Note that to develop the most adjacent repair (single-sided—defined as the main goal of the present study—repairing a panel without any complex disassembles on the aircraft; thus, a double-sided repair would be impossible), a preliminary analysis is performed—based on an aluminum single- and double-sided patch. This patch is designed to be 1.6 mm in width, the same as the panel, having a diameter of 120 mm and 140 mm—20 mm and 30 mm overlap beyond the damage size.
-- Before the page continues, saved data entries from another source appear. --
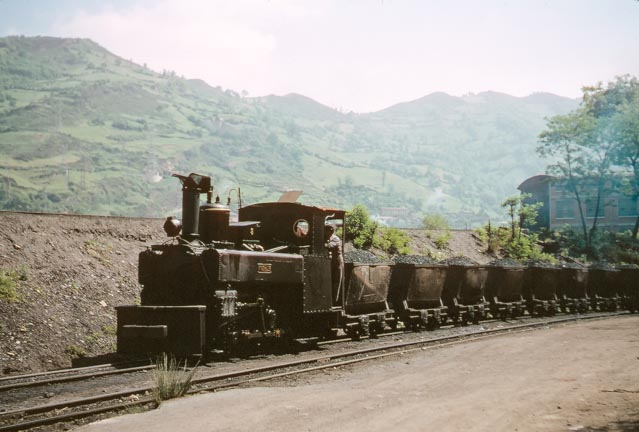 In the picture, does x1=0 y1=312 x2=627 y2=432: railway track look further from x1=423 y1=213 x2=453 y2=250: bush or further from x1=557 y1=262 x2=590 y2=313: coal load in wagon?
x1=423 y1=213 x2=453 y2=250: bush

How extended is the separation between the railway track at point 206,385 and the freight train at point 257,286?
98cm

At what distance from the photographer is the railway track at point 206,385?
704 cm

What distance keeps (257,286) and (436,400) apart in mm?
5066

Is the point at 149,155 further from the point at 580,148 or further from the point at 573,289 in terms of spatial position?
the point at 573,289

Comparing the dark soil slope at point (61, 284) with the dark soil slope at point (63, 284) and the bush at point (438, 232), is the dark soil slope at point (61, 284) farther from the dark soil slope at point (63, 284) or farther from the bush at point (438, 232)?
the bush at point (438, 232)

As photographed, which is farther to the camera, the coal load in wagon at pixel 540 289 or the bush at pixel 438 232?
the bush at pixel 438 232

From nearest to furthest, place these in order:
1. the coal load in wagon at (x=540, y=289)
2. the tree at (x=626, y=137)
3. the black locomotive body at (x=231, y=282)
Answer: the black locomotive body at (x=231, y=282) < the coal load in wagon at (x=540, y=289) < the tree at (x=626, y=137)

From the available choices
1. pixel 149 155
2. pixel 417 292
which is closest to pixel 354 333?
pixel 417 292

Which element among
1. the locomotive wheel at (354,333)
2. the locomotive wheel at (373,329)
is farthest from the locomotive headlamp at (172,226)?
the locomotive wheel at (373,329)

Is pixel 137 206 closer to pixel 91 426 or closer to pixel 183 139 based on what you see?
pixel 183 139

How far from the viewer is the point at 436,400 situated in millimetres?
7711

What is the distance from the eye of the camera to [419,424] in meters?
6.44

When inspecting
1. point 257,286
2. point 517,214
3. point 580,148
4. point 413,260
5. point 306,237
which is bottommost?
point 257,286

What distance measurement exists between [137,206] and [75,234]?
2675 inches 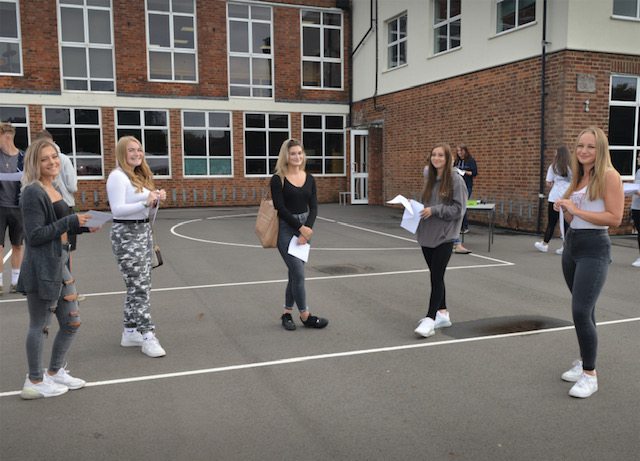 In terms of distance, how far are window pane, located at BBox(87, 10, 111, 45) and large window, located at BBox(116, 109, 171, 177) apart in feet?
8.66

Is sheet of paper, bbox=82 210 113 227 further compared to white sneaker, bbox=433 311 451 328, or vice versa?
white sneaker, bbox=433 311 451 328

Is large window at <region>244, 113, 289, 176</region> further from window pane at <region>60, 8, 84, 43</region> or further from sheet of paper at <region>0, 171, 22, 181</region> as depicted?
sheet of paper at <region>0, 171, 22, 181</region>

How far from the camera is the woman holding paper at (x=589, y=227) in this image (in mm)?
3934

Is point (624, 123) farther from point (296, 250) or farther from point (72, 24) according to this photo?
point (72, 24)

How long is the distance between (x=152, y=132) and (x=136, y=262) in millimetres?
17474

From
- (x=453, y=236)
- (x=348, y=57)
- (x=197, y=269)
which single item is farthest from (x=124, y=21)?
(x=453, y=236)

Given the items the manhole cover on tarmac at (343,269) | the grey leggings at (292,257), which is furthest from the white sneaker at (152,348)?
the manhole cover on tarmac at (343,269)

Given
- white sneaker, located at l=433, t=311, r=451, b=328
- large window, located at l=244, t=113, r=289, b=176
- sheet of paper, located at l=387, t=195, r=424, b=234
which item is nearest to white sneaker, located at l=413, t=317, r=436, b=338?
white sneaker, located at l=433, t=311, r=451, b=328

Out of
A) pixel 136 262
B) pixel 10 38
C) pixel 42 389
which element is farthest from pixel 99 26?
pixel 42 389

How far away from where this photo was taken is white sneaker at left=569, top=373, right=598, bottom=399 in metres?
4.03

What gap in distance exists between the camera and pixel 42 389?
13.3 ft

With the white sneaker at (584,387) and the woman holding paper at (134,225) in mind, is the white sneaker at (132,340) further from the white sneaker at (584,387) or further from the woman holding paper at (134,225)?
the white sneaker at (584,387)

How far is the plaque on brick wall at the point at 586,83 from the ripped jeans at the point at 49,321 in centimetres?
1192

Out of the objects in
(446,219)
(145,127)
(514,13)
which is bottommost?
(446,219) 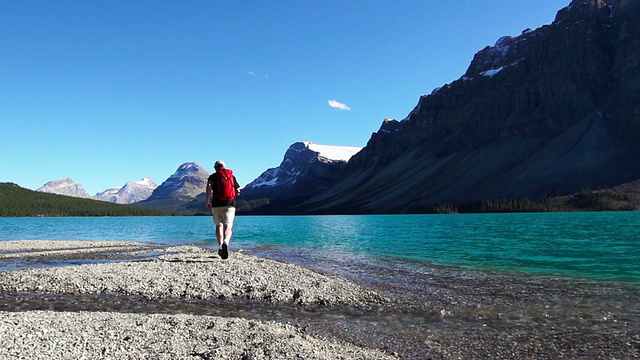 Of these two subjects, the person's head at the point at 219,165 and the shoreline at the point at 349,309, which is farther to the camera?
the person's head at the point at 219,165

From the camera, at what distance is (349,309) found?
15.3 m

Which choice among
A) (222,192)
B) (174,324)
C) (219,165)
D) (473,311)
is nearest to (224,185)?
(222,192)

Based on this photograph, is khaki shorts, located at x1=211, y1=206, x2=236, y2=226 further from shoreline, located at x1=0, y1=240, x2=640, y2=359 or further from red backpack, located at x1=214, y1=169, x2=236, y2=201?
shoreline, located at x1=0, y1=240, x2=640, y2=359

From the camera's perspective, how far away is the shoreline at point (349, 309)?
36.5 ft

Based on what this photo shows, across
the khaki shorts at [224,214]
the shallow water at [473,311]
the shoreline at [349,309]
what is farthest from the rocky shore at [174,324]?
the khaki shorts at [224,214]

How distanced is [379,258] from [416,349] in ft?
72.4

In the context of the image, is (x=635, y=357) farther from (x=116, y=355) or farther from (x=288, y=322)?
(x=116, y=355)

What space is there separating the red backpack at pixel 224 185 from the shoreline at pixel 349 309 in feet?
12.1

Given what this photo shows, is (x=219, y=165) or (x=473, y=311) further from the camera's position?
(x=219, y=165)

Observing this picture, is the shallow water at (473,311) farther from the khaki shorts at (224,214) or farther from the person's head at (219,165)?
the person's head at (219,165)

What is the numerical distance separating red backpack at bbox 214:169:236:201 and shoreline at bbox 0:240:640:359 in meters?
3.69

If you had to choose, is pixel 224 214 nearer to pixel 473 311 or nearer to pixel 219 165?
pixel 219 165

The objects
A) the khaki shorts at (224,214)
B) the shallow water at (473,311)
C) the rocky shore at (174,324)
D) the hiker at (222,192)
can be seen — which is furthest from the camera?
the khaki shorts at (224,214)

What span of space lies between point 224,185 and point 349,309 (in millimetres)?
9565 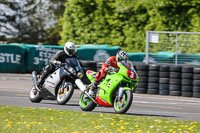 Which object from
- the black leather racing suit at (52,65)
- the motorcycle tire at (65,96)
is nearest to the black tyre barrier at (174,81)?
the black leather racing suit at (52,65)

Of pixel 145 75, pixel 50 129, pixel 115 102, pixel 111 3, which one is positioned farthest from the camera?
pixel 111 3

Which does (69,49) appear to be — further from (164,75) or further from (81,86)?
(164,75)

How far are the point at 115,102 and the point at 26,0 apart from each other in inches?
1813

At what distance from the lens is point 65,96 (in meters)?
12.0

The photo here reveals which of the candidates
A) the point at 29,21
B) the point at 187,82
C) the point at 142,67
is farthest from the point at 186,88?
the point at 29,21

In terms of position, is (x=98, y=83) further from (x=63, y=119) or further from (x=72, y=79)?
(x=63, y=119)

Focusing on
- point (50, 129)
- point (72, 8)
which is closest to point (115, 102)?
point (50, 129)

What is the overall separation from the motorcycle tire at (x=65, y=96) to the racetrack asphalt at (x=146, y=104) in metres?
0.16

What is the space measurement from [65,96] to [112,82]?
151cm

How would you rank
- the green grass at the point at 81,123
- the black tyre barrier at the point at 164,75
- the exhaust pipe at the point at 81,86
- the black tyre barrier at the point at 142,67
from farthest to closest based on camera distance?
the black tyre barrier at the point at 142,67 < the black tyre barrier at the point at 164,75 < the exhaust pipe at the point at 81,86 < the green grass at the point at 81,123

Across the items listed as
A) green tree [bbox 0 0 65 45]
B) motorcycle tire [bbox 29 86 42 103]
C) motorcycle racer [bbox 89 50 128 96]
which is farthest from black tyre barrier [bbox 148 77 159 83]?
green tree [bbox 0 0 65 45]

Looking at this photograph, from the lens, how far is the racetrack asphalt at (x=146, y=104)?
1180 centimetres

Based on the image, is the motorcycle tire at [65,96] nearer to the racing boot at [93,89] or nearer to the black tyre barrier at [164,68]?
the racing boot at [93,89]

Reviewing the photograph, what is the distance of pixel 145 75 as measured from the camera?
1694 cm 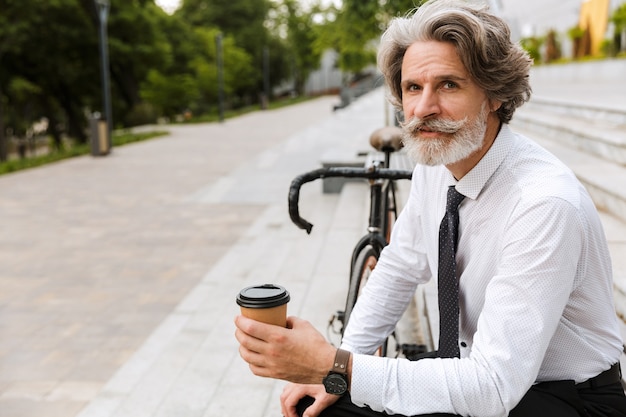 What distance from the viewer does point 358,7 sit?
9.23 metres

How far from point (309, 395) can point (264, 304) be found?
442 mm

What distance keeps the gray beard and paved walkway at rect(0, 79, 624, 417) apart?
1.84 metres

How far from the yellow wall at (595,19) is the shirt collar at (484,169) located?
14.0 m

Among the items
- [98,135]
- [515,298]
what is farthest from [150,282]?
[98,135]

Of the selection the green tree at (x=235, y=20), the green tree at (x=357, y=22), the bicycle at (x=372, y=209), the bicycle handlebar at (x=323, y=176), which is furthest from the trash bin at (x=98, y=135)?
the green tree at (x=235, y=20)

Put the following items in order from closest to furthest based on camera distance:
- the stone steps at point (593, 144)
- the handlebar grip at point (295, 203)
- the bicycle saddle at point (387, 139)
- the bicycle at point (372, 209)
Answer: the handlebar grip at point (295, 203)
the bicycle at point (372, 209)
the bicycle saddle at point (387, 139)
the stone steps at point (593, 144)

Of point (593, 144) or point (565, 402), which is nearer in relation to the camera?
point (565, 402)

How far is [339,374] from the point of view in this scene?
1491 mm

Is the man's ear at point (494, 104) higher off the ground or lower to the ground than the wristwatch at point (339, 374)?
higher

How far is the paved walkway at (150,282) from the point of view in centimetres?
350

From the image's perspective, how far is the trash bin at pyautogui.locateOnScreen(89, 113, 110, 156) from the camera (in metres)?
15.8

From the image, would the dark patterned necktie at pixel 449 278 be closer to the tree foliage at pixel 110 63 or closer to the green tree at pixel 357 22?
the green tree at pixel 357 22

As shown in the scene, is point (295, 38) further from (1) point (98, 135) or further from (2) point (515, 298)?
(2) point (515, 298)

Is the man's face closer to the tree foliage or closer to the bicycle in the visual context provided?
the bicycle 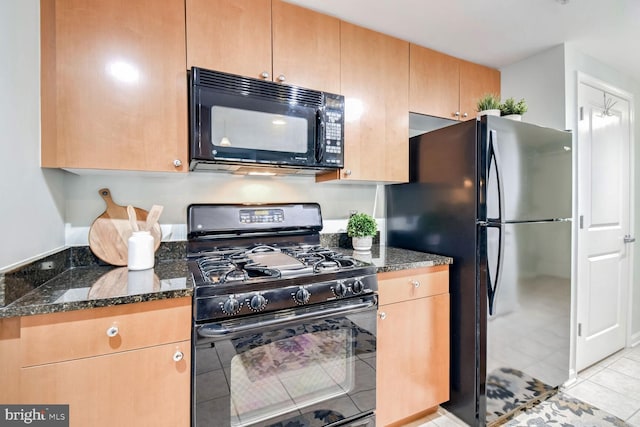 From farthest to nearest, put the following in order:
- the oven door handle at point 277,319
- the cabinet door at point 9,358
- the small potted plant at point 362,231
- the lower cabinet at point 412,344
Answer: the small potted plant at point 362,231, the lower cabinet at point 412,344, the oven door handle at point 277,319, the cabinet door at point 9,358

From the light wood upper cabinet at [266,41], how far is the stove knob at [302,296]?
3.65ft

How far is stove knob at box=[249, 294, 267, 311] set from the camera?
3.88ft

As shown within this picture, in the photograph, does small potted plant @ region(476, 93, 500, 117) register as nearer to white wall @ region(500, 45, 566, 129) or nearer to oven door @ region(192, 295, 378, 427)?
white wall @ region(500, 45, 566, 129)

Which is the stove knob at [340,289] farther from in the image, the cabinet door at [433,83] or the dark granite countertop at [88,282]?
the cabinet door at [433,83]

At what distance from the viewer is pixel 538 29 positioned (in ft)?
6.26

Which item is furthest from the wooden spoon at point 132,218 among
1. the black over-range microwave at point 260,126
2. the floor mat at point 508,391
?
the floor mat at point 508,391

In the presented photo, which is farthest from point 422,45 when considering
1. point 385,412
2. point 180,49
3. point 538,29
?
point 385,412

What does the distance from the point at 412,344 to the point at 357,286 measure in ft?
1.86

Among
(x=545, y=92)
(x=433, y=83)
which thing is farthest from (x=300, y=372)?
(x=545, y=92)

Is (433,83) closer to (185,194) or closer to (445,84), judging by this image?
(445,84)

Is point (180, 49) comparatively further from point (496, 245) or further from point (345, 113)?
point (496, 245)

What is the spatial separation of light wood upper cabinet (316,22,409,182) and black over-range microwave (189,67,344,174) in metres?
0.13

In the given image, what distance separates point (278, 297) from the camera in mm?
1246

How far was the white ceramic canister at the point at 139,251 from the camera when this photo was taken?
54.1 inches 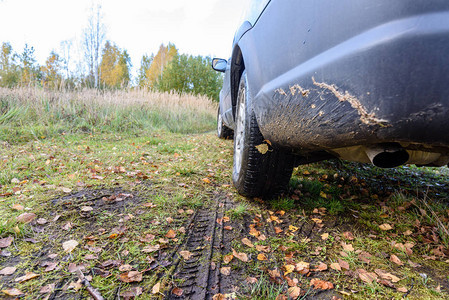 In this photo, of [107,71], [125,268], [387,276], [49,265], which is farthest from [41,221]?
[107,71]

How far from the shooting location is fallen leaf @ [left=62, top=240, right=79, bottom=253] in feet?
4.16

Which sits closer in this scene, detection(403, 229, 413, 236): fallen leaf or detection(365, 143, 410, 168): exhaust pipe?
detection(365, 143, 410, 168): exhaust pipe

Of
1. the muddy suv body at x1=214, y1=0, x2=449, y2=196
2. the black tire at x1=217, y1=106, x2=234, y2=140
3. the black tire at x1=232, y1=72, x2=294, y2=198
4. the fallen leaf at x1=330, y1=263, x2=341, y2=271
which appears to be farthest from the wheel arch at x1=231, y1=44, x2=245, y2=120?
the black tire at x1=217, y1=106, x2=234, y2=140

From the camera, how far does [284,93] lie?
1.22 metres

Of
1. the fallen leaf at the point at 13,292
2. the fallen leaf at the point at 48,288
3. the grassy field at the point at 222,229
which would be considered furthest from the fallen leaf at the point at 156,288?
the fallen leaf at the point at 13,292

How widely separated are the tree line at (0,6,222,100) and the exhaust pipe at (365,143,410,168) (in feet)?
22.0

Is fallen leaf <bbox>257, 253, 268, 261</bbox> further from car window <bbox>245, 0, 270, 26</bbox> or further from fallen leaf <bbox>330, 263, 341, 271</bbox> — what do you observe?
car window <bbox>245, 0, 270, 26</bbox>

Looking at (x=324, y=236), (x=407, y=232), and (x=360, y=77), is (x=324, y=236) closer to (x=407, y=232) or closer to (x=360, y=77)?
(x=407, y=232)

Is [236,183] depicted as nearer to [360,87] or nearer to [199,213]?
[199,213]

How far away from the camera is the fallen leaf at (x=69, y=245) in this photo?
1.27m

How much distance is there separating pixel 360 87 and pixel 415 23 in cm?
21

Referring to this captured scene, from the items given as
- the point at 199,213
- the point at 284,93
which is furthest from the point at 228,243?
the point at 284,93

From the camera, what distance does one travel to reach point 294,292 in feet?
3.57

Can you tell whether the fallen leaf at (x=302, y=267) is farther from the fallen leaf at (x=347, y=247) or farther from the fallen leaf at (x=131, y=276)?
the fallen leaf at (x=131, y=276) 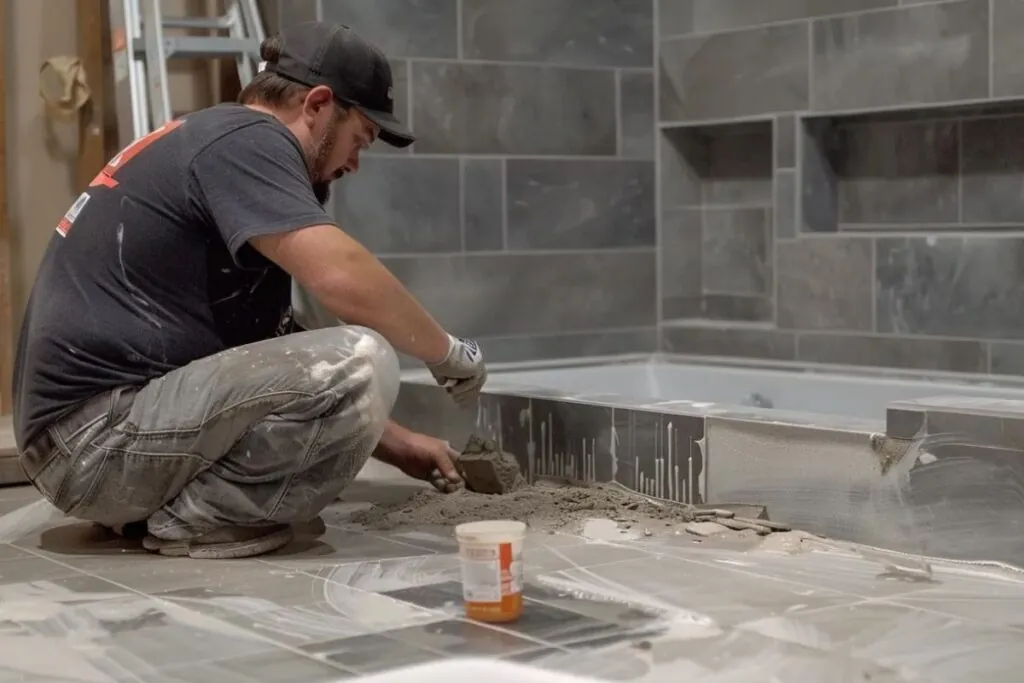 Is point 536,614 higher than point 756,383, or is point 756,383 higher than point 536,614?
point 756,383

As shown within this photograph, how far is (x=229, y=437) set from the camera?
257 cm

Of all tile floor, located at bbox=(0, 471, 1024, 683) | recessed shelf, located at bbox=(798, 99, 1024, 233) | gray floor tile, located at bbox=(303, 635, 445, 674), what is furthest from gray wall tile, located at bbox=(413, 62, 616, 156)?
gray floor tile, located at bbox=(303, 635, 445, 674)

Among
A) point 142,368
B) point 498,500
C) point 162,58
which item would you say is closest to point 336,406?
point 142,368

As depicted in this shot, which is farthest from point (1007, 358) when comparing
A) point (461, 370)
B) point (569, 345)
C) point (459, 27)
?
point (459, 27)

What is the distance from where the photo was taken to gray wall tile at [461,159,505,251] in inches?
162

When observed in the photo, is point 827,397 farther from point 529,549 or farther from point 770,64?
point 529,549

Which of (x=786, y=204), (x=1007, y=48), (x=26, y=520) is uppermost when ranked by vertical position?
(x=1007, y=48)

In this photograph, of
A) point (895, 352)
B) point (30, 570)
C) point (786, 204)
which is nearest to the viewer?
point (30, 570)

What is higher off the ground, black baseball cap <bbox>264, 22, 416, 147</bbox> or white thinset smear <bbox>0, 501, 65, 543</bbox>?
black baseball cap <bbox>264, 22, 416, 147</bbox>

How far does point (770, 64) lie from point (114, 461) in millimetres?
2407

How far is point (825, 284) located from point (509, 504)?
1512 mm

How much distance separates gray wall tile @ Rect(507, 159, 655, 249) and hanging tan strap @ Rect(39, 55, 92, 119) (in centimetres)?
126

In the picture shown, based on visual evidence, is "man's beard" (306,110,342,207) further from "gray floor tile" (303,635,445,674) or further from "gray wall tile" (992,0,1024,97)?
"gray wall tile" (992,0,1024,97)

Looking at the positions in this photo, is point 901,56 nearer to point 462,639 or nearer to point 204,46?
point 204,46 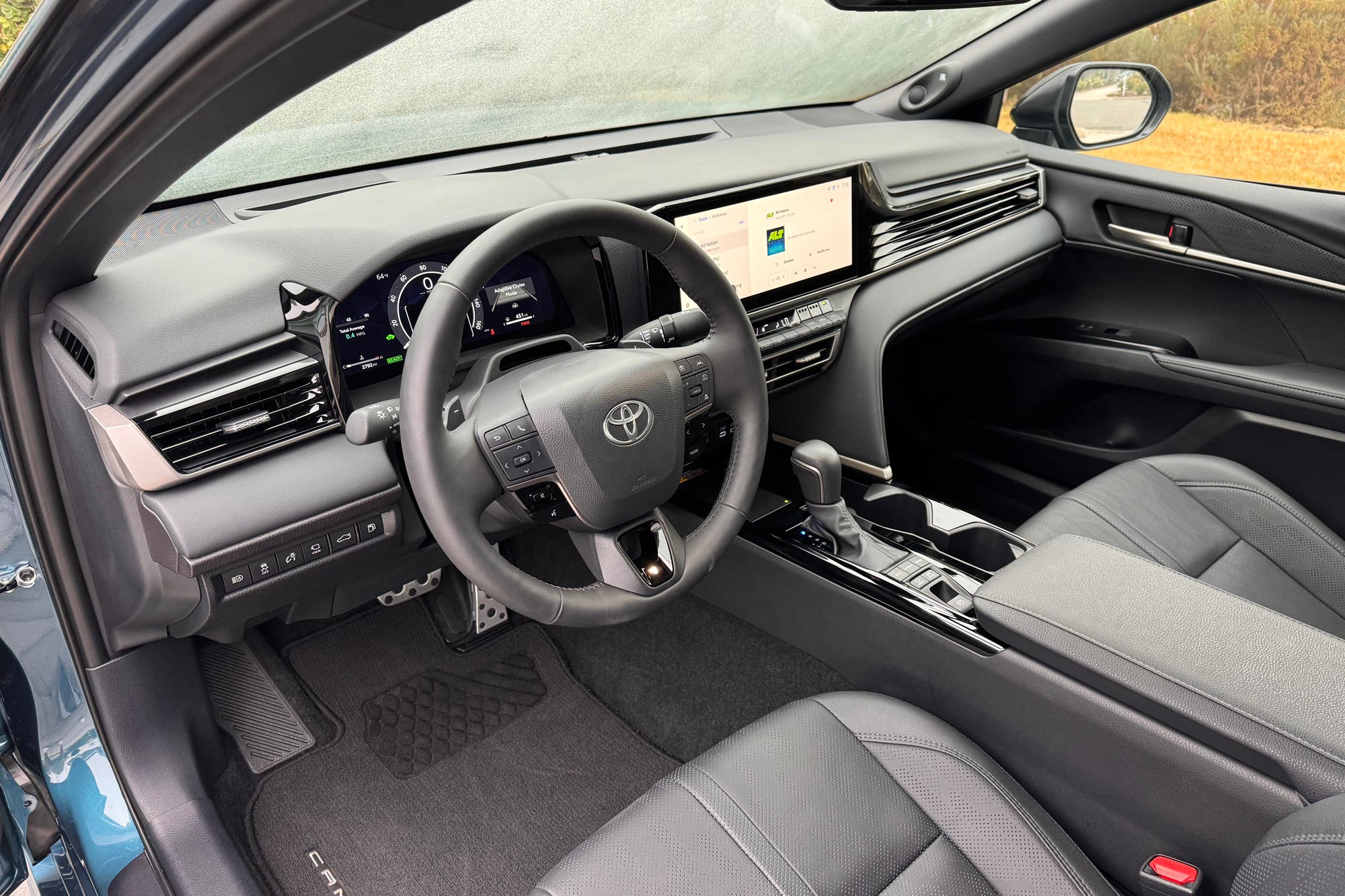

2.2. Materials and Properties

The material used to model the panel with isotropic shell elements is Aluminum 7075-T6, having the following mechanical properties: Young’s modulus E = 72.3730 GPa (7380 kg/mm²); shear modulus G = 27.4586 GPa (2800 kg/mm²); Poisson’s ratio ν = 0.3; ultimate tensile strength (UTS) σ_UTS = 0.54 GPa (55 kg/mm²); and ultimate shear stress τ_USS = 0.32362 GPa (33 kg/mm²).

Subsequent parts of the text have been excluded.